◆ **Your instructions**
Starting with the line below that holds "Cretaceous Terror Pack — скриншот 5" and stopping after the line that holds "2025 Subaru Forester", transcribe the lines exactly, leaving out all pictures.

◆ **Data shown**
◆ ◆ ◆ ◆

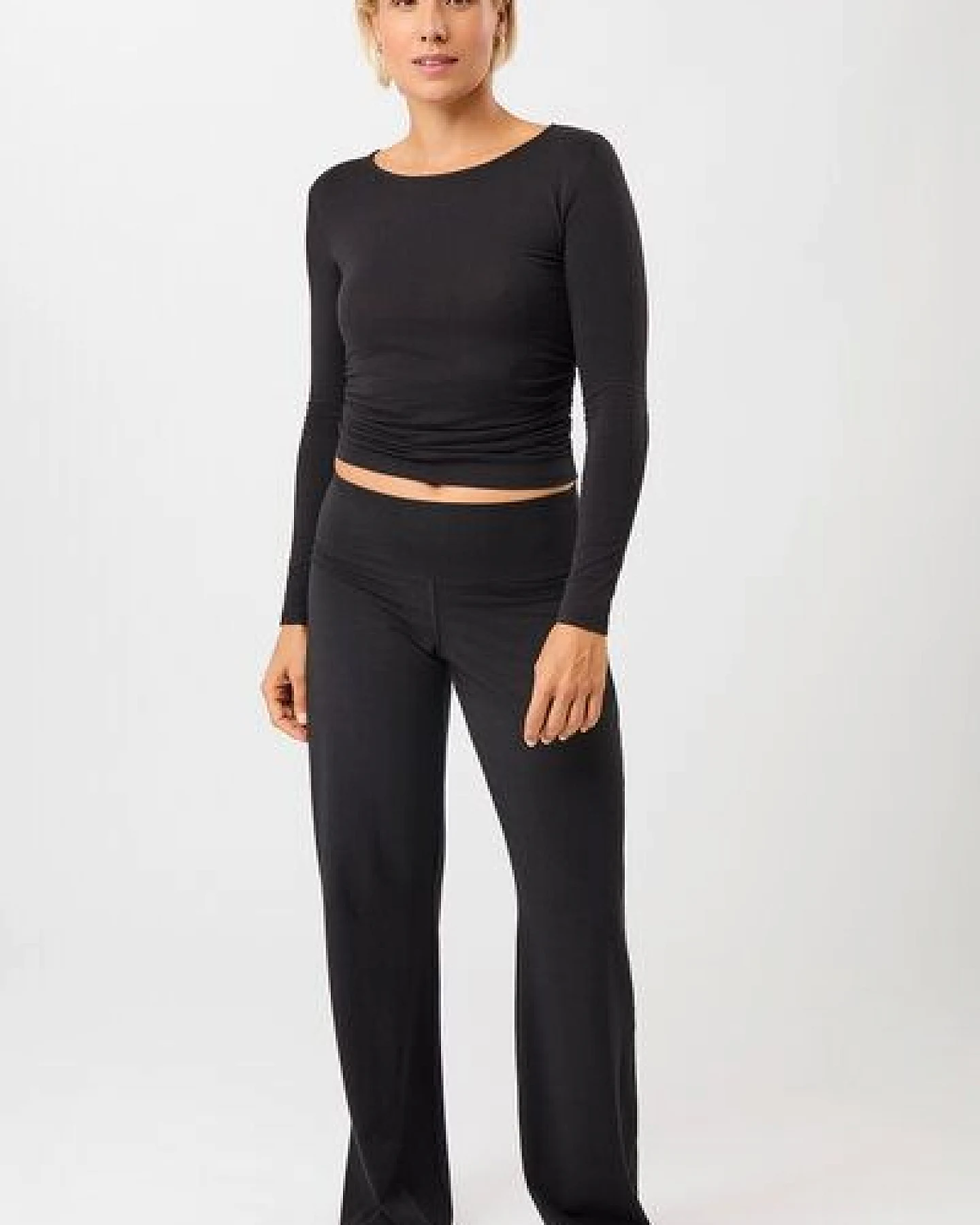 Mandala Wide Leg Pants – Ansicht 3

◆ ◆ ◆ ◆

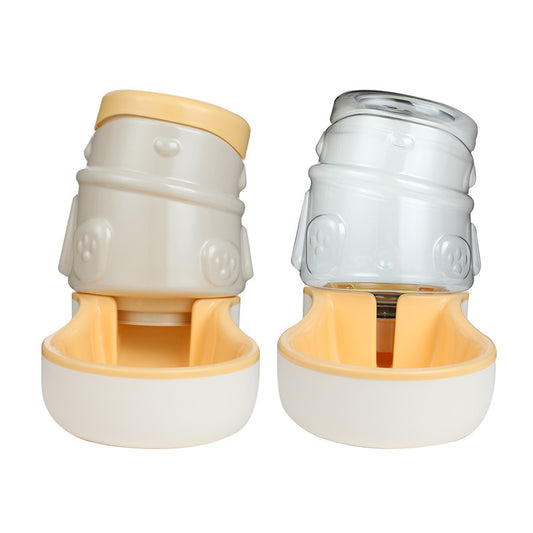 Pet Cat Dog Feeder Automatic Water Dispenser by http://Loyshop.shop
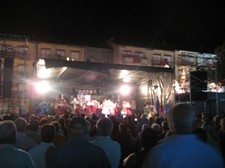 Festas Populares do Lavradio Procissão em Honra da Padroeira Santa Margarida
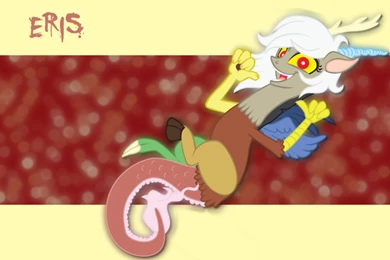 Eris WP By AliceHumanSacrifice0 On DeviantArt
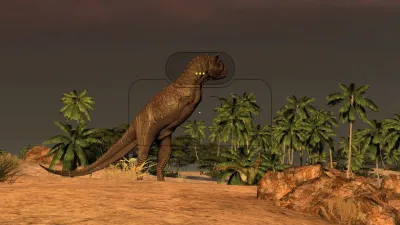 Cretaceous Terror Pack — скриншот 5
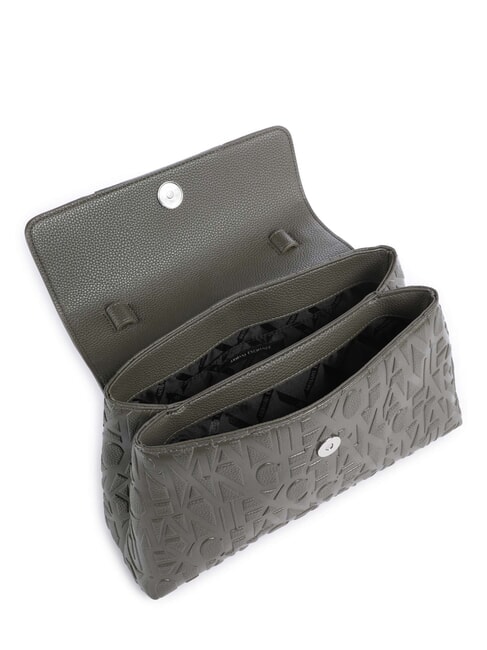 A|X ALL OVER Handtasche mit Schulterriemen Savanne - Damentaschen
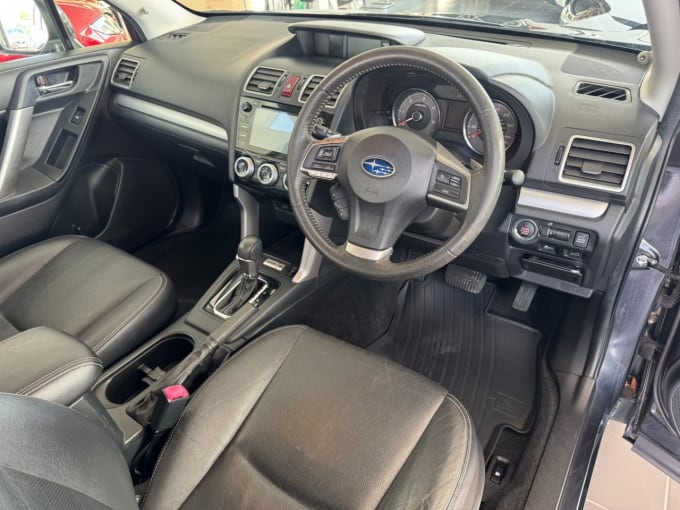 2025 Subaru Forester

◆ ◆ ◆ ◆

◆ **Result**
 Cretaceous Terror Pack — скриншот 5
 A|X ALL OVER Handtasche mit Schulterriemen Savanne - Damentaschen
 2025 Subaru Forester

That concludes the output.